In his later work , he stated that “A person has the age of his/her connective tissue.”
Connective tissue includes fibrous tissues, fat, cartilage, bone, bone marrow, blood, and embedded in a significant amount of extracellular materials.
Varied types of collagens constitute the main component of the connective tissue of vertebrates and make up about one-third of the body’s protein content.

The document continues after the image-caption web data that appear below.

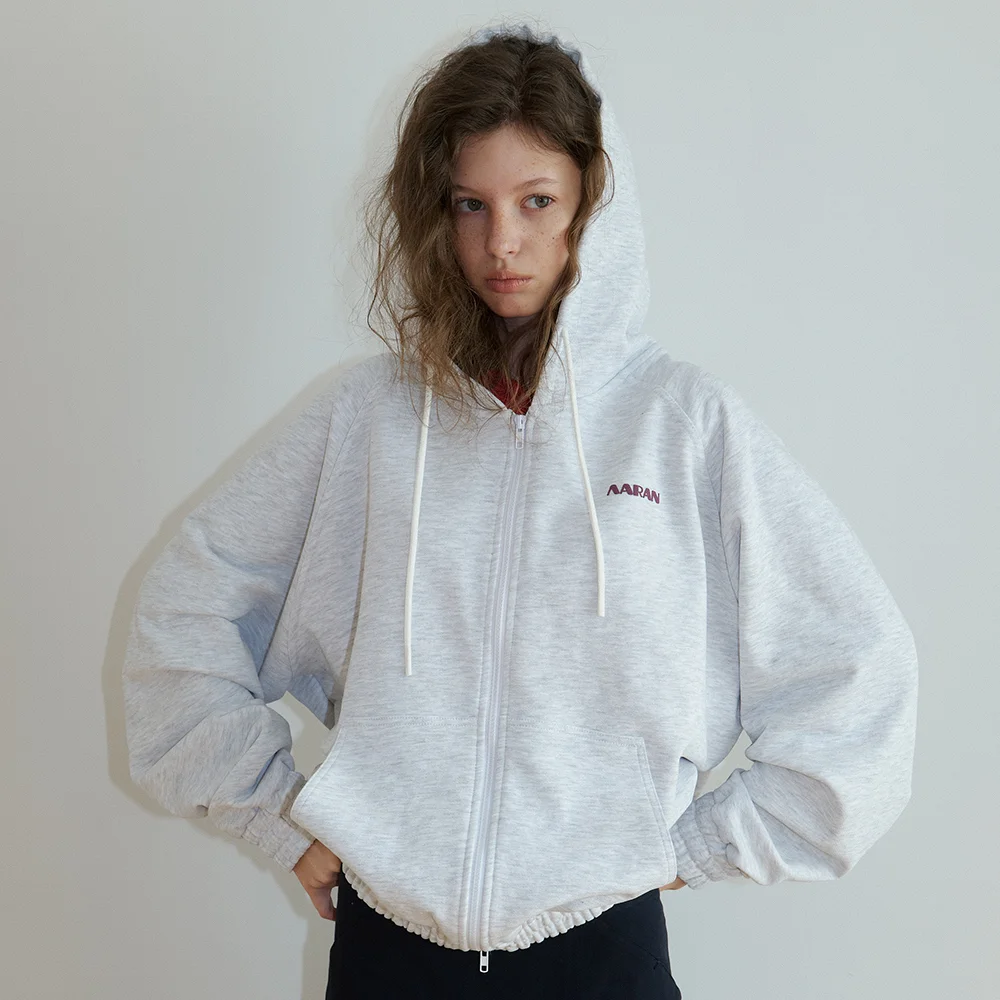 Basic logo vislon zipper hoodie_white melange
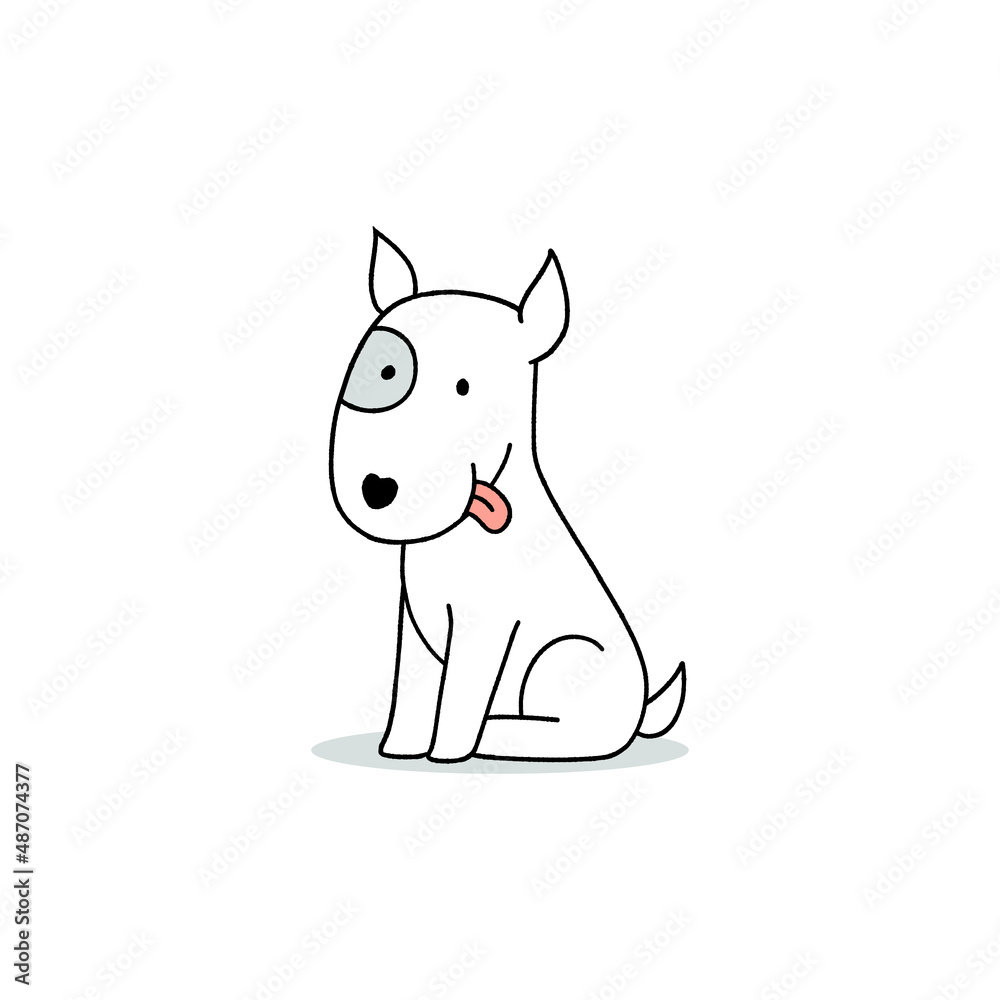 Cute cartoon of a bull terrier dog sitting. hand drawn vector illustration. Cute cartoon of a bull terrier dog sitting. hand drawn vector illustration.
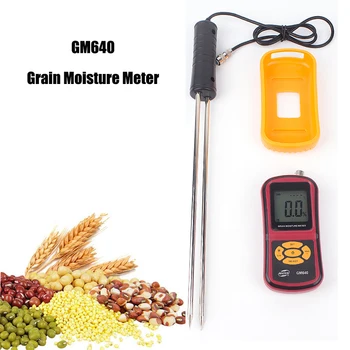 

GM640 Portable Digital Grain Moisture Meter with Measuring Probe High Precision LCD Display Tester For Wheat Corn Rice Bean
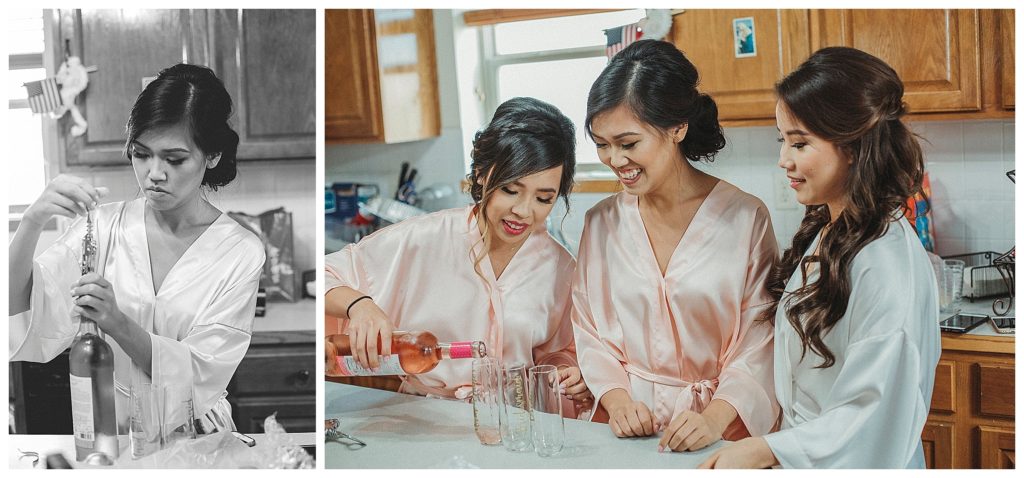 bridesmaids pouring wine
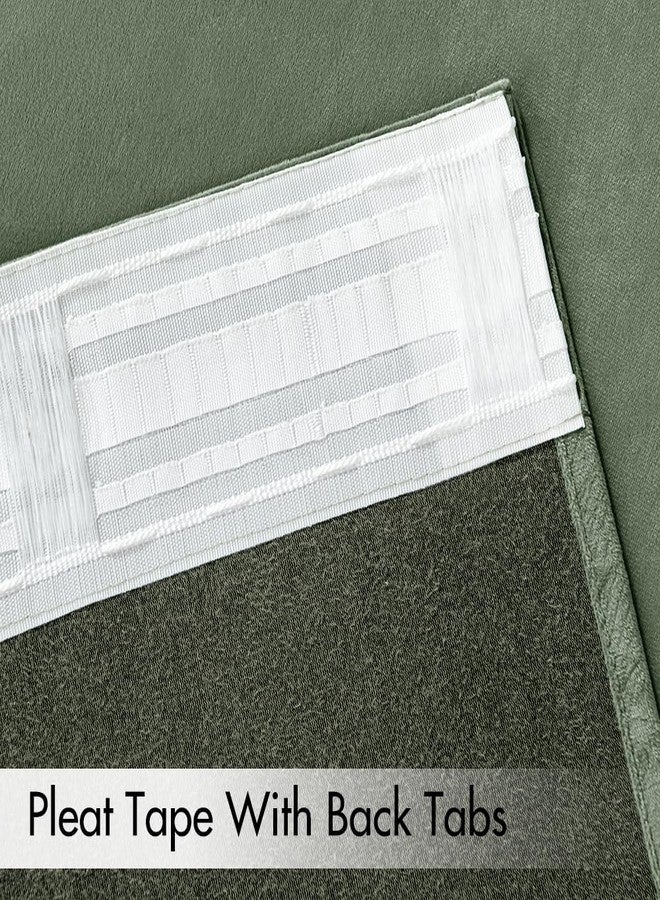 ميولي ستائر مخملية من MIULEE بلون أخضر حكيم، 96 بوصة، قطعتان - ستائر فاخرة معتمة للغرف، مناسبة لغرف النوم والمعيشة، عازلة للحرارة، فائقة النعومة، معتمة تمامًا، مزودة بحلقات خلفية وجيب للعمود، وثنيات متداخلة، عرض 52 × طول 96 بوصة - Image 4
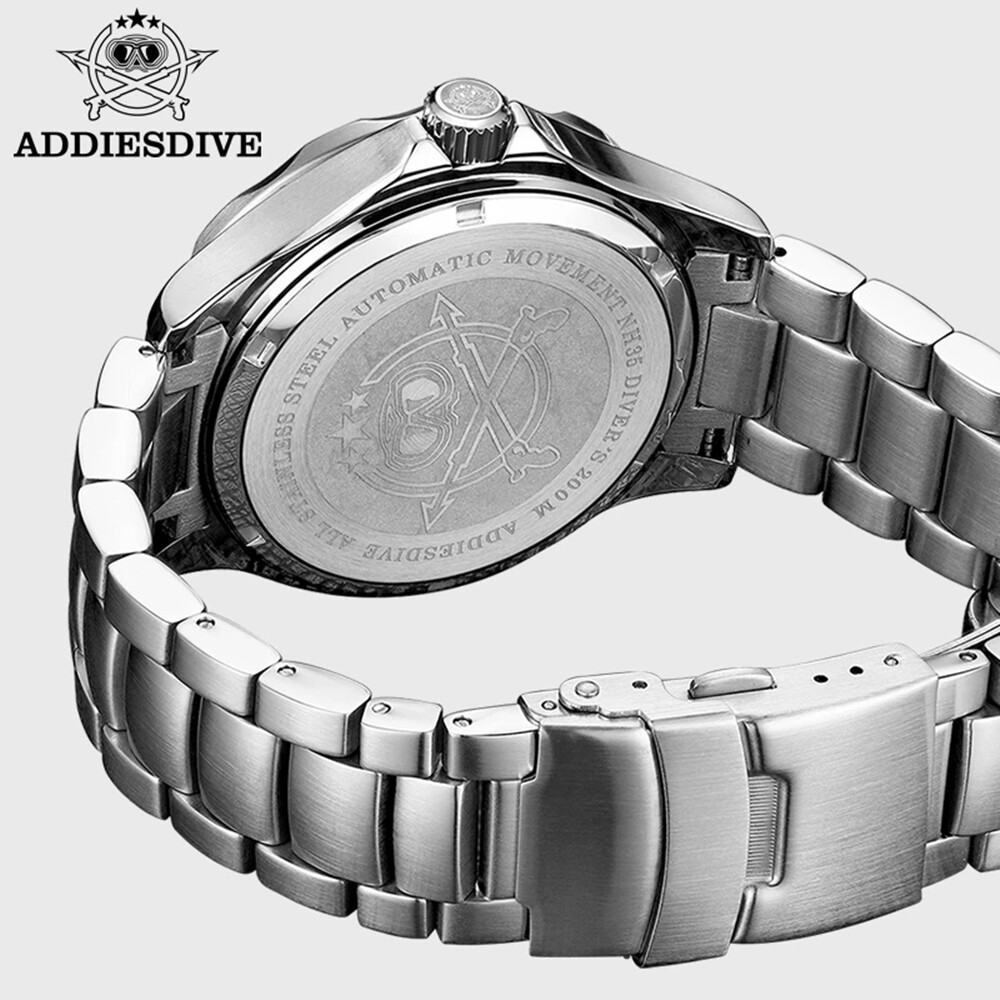 Pre-owned Addies Men's Automatic Mechanical Watch 200m Waterproof Sapphire Glass Janpan Movement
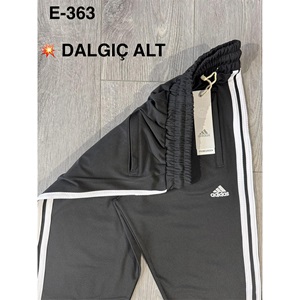 Atrax E-363 Erkek Kompak Adidas Nakışlı Açık Paça Şeritli Eşofman Alt S-2XL - Siyah - S-M-L-XL-2XL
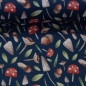 Preview: Jersey | JULE Herbst | Jeansblau mit Blätter Pilze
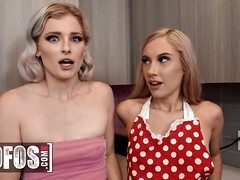 Hailey Winters and Jazmin Luv drizzle honey over Charles Dera's cock to make it sweet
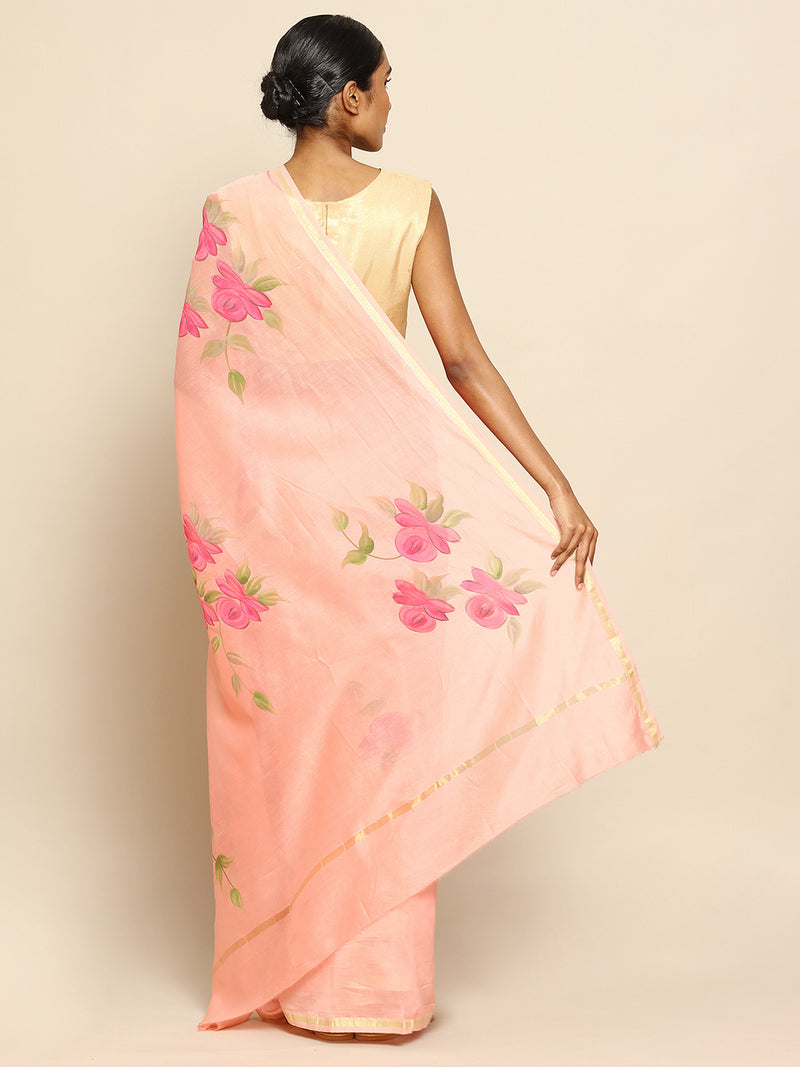 Rose gold Handpainted Chanderi Saree Chowdhrain Saree 3500.00 Chowdhrain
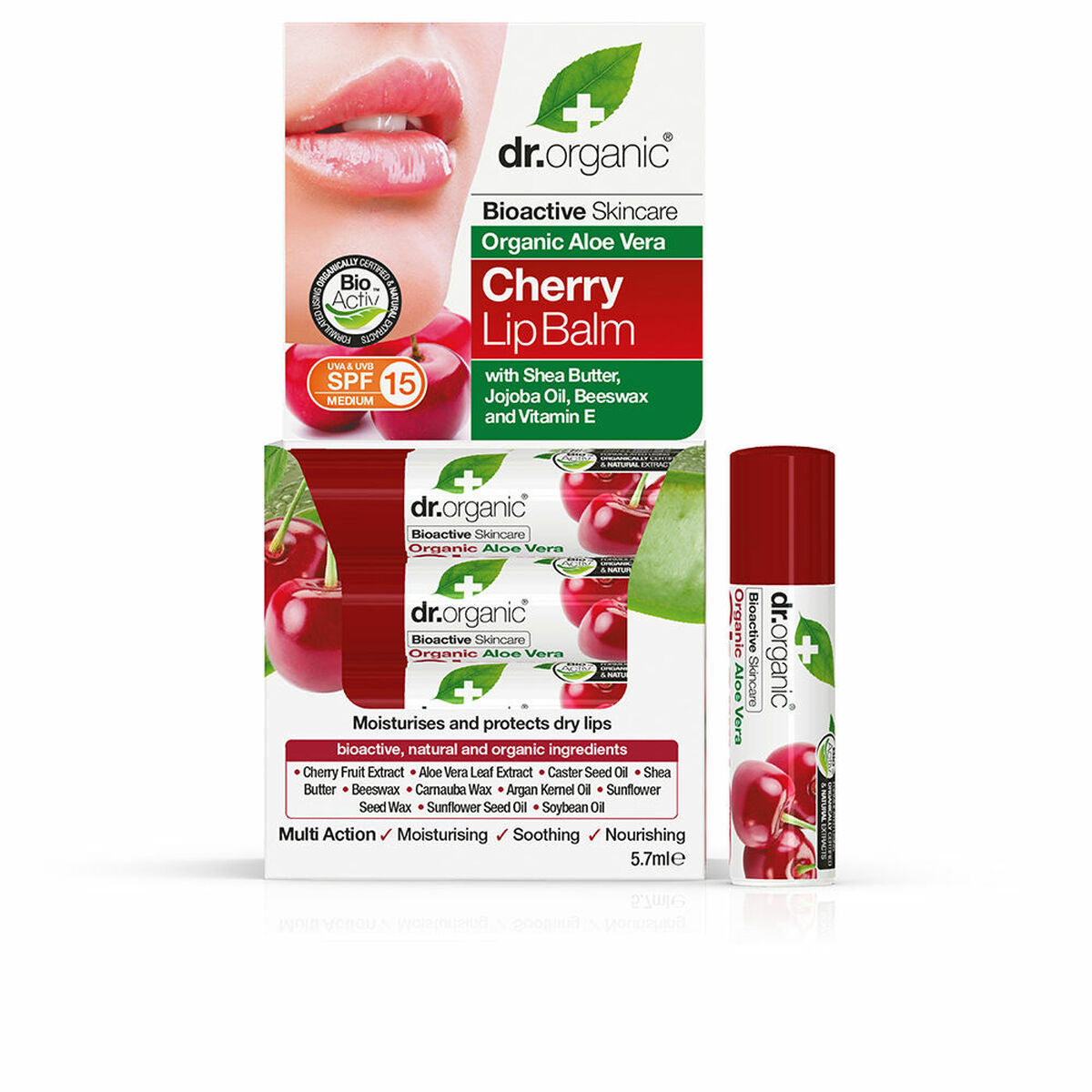 Lip Balm Dr.Organic Aloe Vera Cherry 5,7 g Dr.Organic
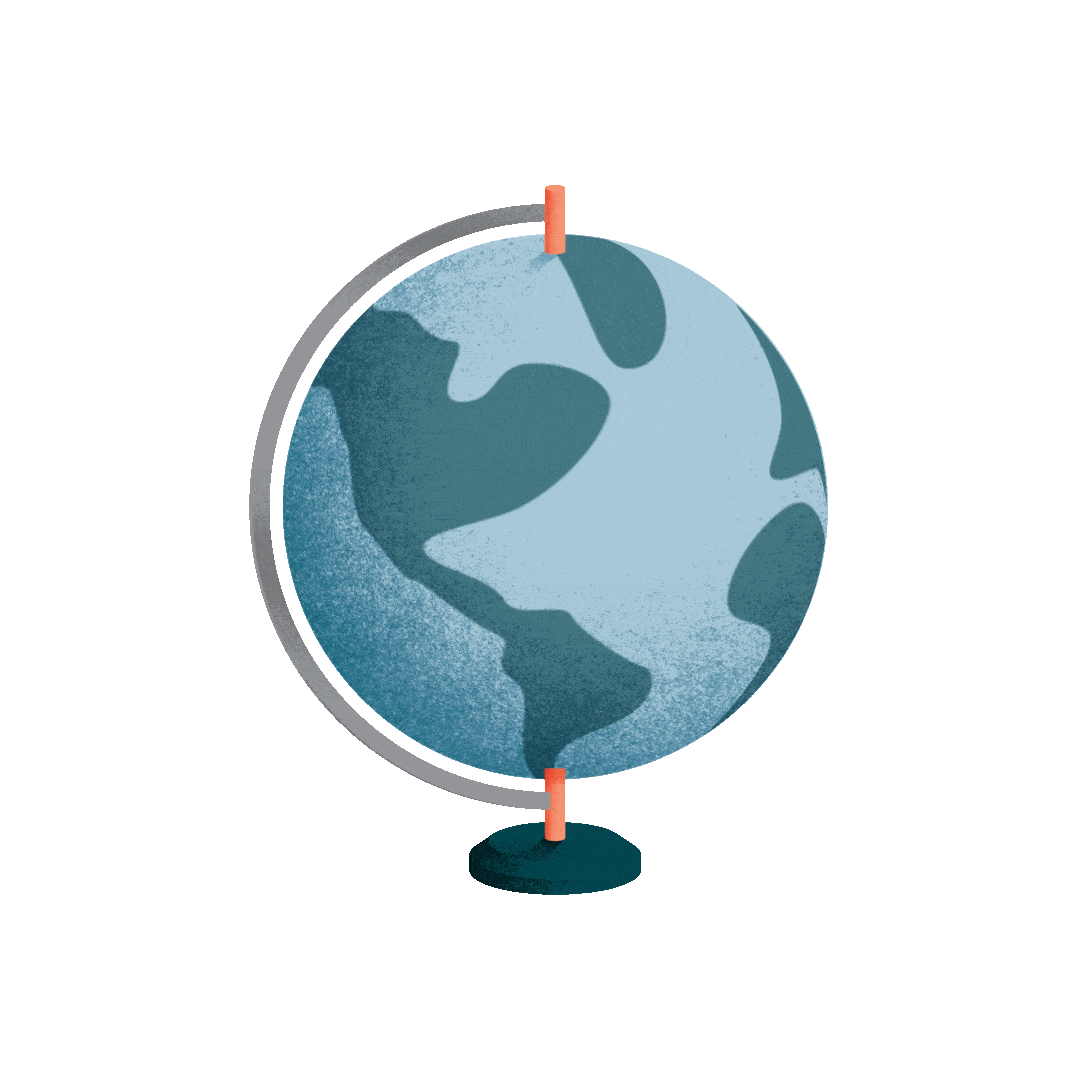 Animated globe illustration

The impact of extracellular matrix proteins cross-linking on the aging process and aging-related diseases was studied in the early works of Johan Björksten, which date back to 1942. The author proposed that the formation of intra- and intermolecular covalent cross-links changes the structure of the macromolecules and leads to their dysfunction :
“The aging of living organisms I believe is due to the occasional formation, by tanning, of bridges between protein molecules, which cannot be broken by the cell enzymes. Such irreparable tanning may be caused by tanning agents foreign to the organism, or formed by unusual biological side reactions, or it may be due to the formation of a tanning bridge in some particular position in the protein molecules. In either event, the result is that cumulative tanning of body proteins, which we know as old age.”
Fritz Verzár demonstrated in the 1950s for the first time that the age-dependent modifications of the extracellular matrix exponentially increase the cross-linking of collagen fibers .
These modified proteins remain unrepaired, accumulate throughout a person’s lifetime, and cause changes in mechanical properties of a niche microenvironment, tissues, and organs, which leads to a vicious cycle of progressively increasing damage, and limits the application of senolytics, the stem cells, and other “anti-aging” therapies.
Need for Research
To date, there is not one modern method which discusses the connection between life expectancy and factors such as exosomes of stem cells, donor mitochondria, senolytics, epigenetic rollback (the list can be continued), is able to restore the structure of the extracellular matrix, the mechanical properties of which are no less of an important feature than the chemical signaling factors (through ions and molecules) in determining the fate of a cell, tissue, organ and organism as a whole.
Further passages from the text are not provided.